A few log cabins dot the treeless hills on either side of the stream and half-a-dozen false fronted stores weather beside the main street. A frame church with steeple and bell, a schoolhouse built of chinked logs, Hyde’s Hall, a one-story stone building, a large store with wooden loading station in front, and a hotel comprise the heart of the town as it is today.
The first gold to be discovered in the Sweetwater district was found in 1842 by a Georgian who, in search of health, joined the American Fur Company on one of its western expeditions. He remained a year in the west and then started home, only to be killed on the way by Indians. The next traveler to inspect the area was Alonzo Delano who journeyed across the western prairies and in 1853 published an account of his trip.
Thirteen years after Delano’s trip, a party of 40 men reached the Sweetwater and prospected the length of the river. They found traces of gold everywhere and they even sank a small shaft. They spent the winter at Fort Laramie and early in the spring they started back toward their diggings. But the officers at Fort Laramie refused, on some technicality, to allow them to proceed and they were forced to abandon their expedition.
In 1858 the leader of the group returned and found colors in Strawberry Gulch, and in 1860 he and 18 others worked the gulch. Nothing more was done until the summer of 1866 when a detachment of General Connor’s troops (then stationed at Fort Bridger) scouted into country north and east of the Oregon Trail’s crossing of the Continental Divide at South Pass.

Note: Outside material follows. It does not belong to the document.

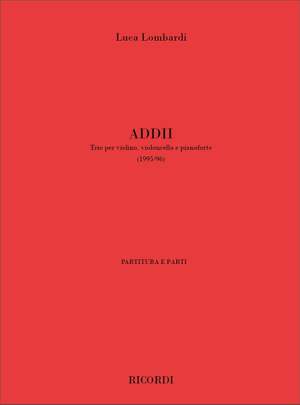 Luca Lombardi: Addii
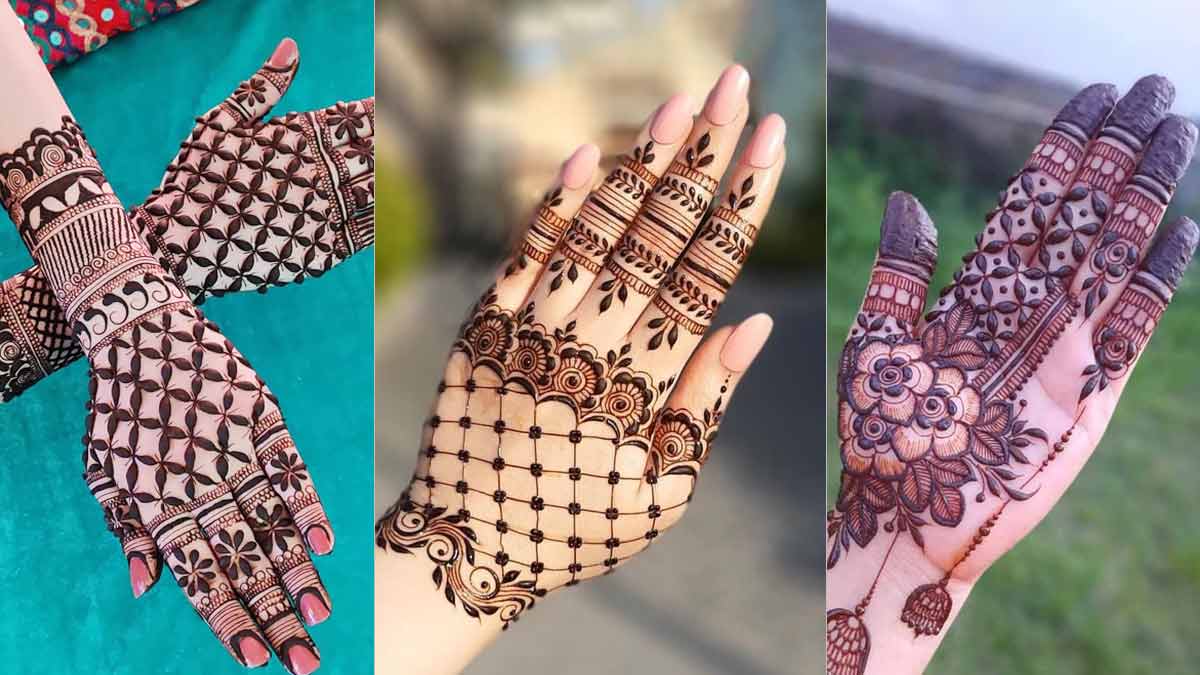 ईद के मौके पर हाथों पर लगाएं गुलाब जाल वर्क मेहंदी डिजाइन | gulab jaal mehndi  designs on eid | HerZindagi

Several of these soldiers had been miners in California and Nevada, and as soon as their military service was completed, they organized and equipped a prospecting party, and in the fall of 1866 they established the Carissa claim, which soon became the most profitable in the area. All through the winter of 1866-1867 the men worked their claims but spring brought raiding bands of Indians stealing their horses.

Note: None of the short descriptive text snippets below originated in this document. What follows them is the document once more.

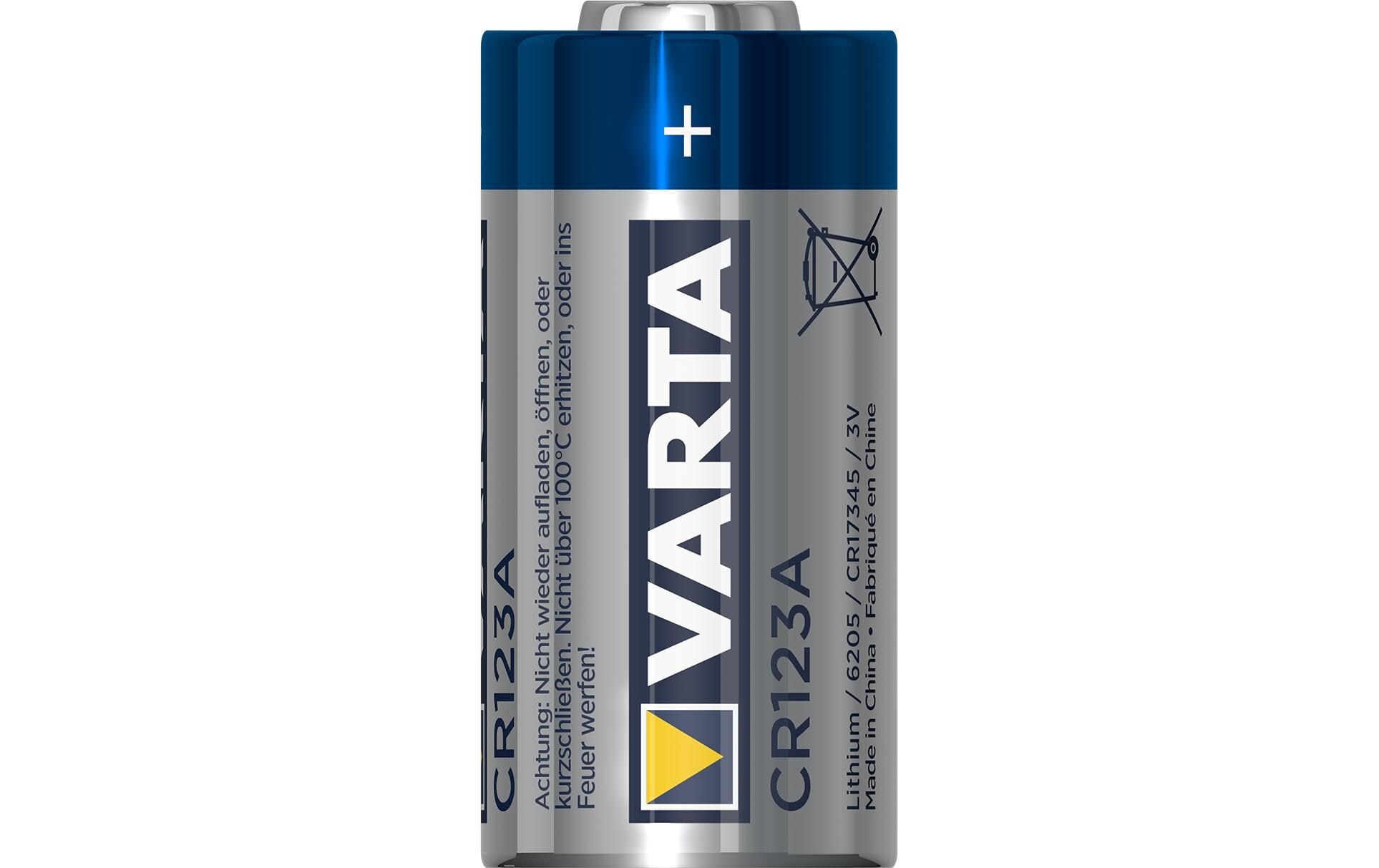 VARTA Batterie »CR123A 10 Stück«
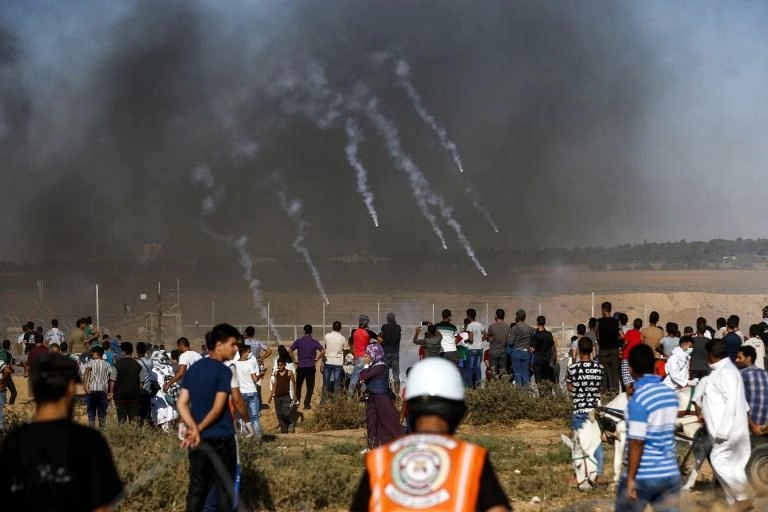 إصابة 189 فلسطينياً برصاص الاحتلال الإسرائيلي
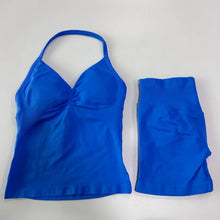 Load image into Gallery viewer, No Logo 2Pcs Gym Set Women Backless Tank Tops High Waist Scrunch Seamless Shorts Gym Suit Fitness Clothes Activewear Workout Set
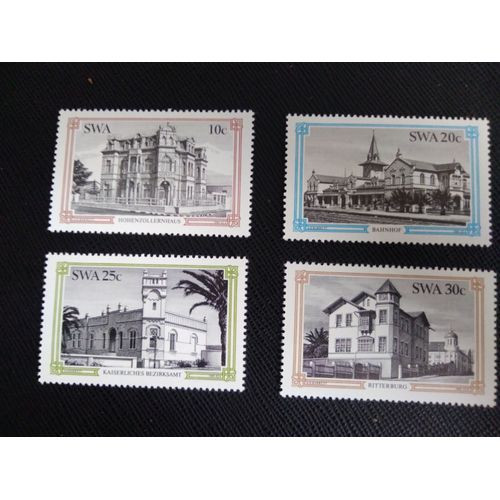 Timbre Sud-Ouest Africain Yt 507 A 510 Séries: Bâtiments Historiques À Swakopmund 1984 ( 050306 )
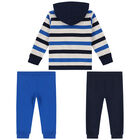 Younger Boys Navy & Blue Tracksuit, 1, hi-res
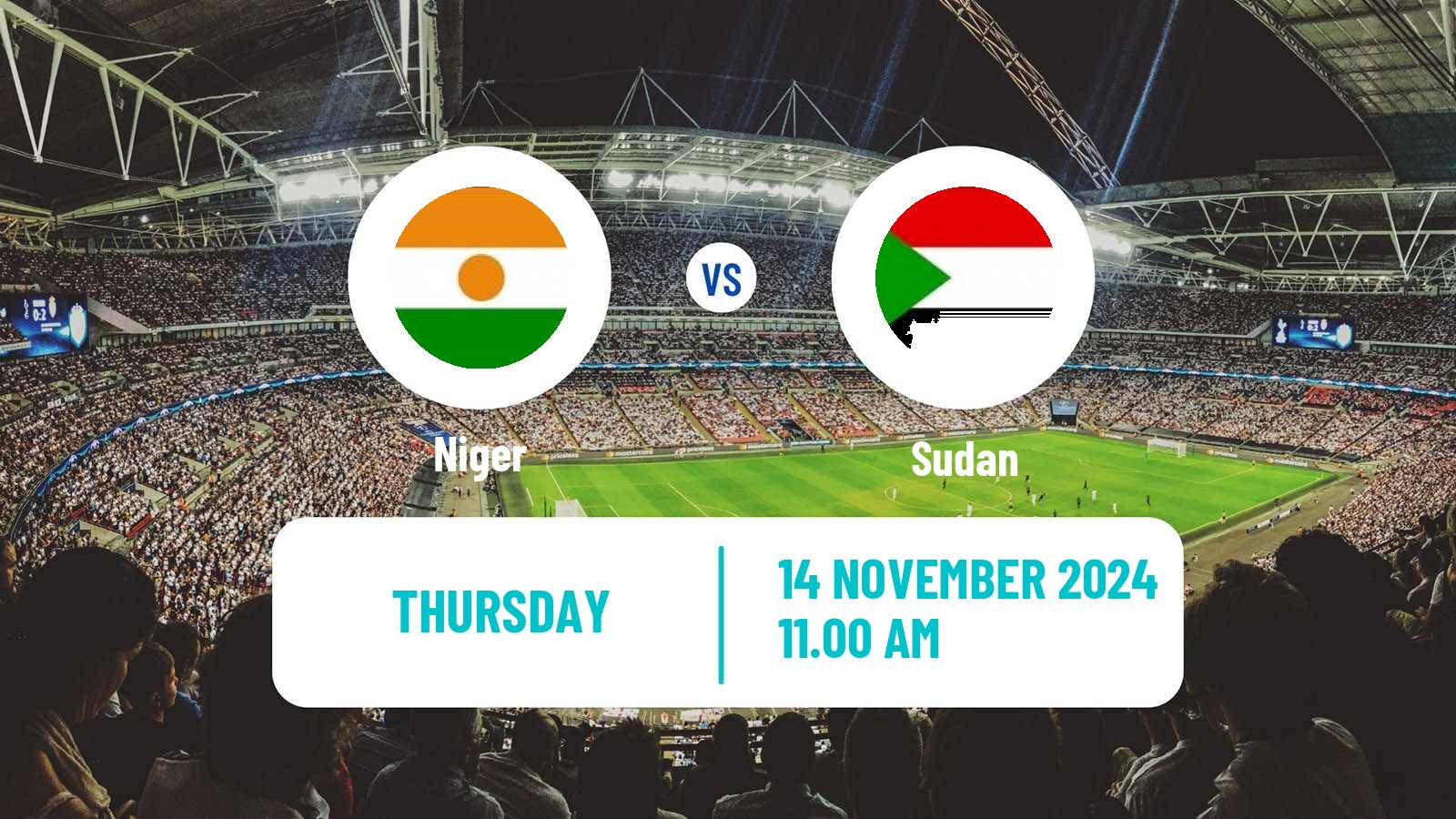 Soccer Africa Cup of Nations Niger - Sudan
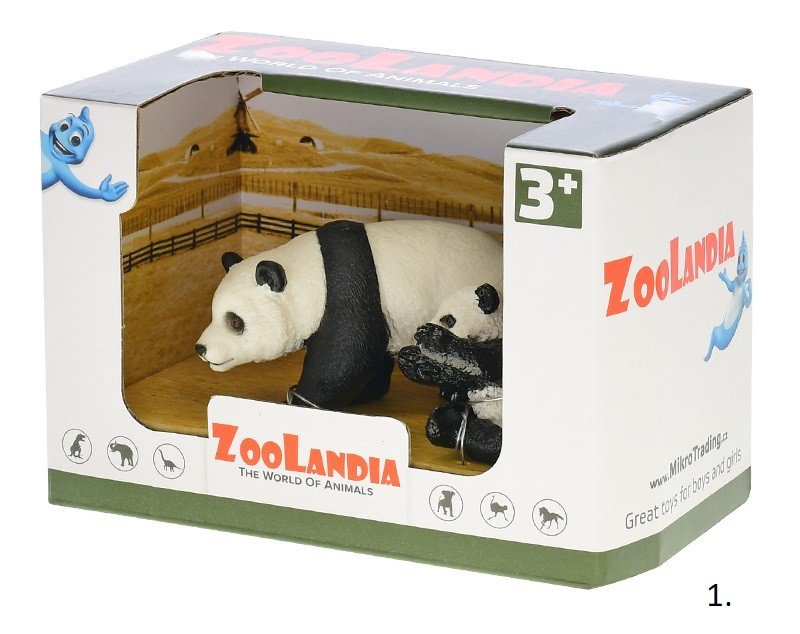 Panda Z Młodymi 4,5-10 Cm 09627 Hero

News of the discovery of the Carissa lode reached Salt Lake City, Utah and parties filtered into the area and a camp called South Pass City sprang up close to the rich placers near the Carissa lode. Before they were exhausted, these placers had yielded $2,000,000 in gold. Before the diggings played out several new camps mushroomed nearby. One of them, Atlantic City, four miles from South Pass City, materialized in April 1868, and soon attracted 300 prospectors to its gold-bearing quartz deposits.

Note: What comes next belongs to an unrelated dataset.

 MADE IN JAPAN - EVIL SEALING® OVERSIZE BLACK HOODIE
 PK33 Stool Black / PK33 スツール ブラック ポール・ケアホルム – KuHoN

Within the first three years Atlantic Gulch alone yielded gold valued at $15,000 and Rock Creek, Little Beaver, and Smith Gulch were all worked successfully. The best lode mines were discovered in 1868 and 1869. The Buckeye, just north of Atlantic City, was opened in 1868 by John McTurk and his partners. It soon became a producer and by 1869 was in full operation. The Jim Dyer (later known as the St. Louis) was discovered late in 1868. The Robert Emmett or Franklin was discovered by John Bilox; the Europe (later called Dr. Barr or El] Dorado) was uncovered by Anton Stribo; the St. Lawrence by Dr. Leonard; and the Mary Ellen and Young America were also opened. The Alice Lawn, later called the Alice Davis, and still later the Rosella, Soule & Perkins mine, with development produced $75,000 in gold. The Caribou, another 1869 discovery, yielded $50,000.
By 1870 the population of the city had reached 2,000 but by the end of 1871, the rich pay streaks in the placers were worked out and the remaining ore was refractory. Mining dwindled and the population began to move away. A rumor of gold in the Big Horn Mountains of Wyoming started a rush to the new field and further depopulated the city.
The E. T. Fisher Company of Seattle, Washington brought in a dragline to Rock Creek and worked three eight-hour shifts. One shift cleared the banks of brush while the other two mined the rock and gravel. The dredge employed 12 men and worked a strip of ground 120 feet wide. During the summer of 1934, $67,000 worth of gold was recovered. The following year the company again worked the strip and made cleanups every 10 days which averaged $9,000 each.
During this revival a few lode mines were reopened, but not for long and today only sporadic leasing is carried on in the vicinity of Atlantic City.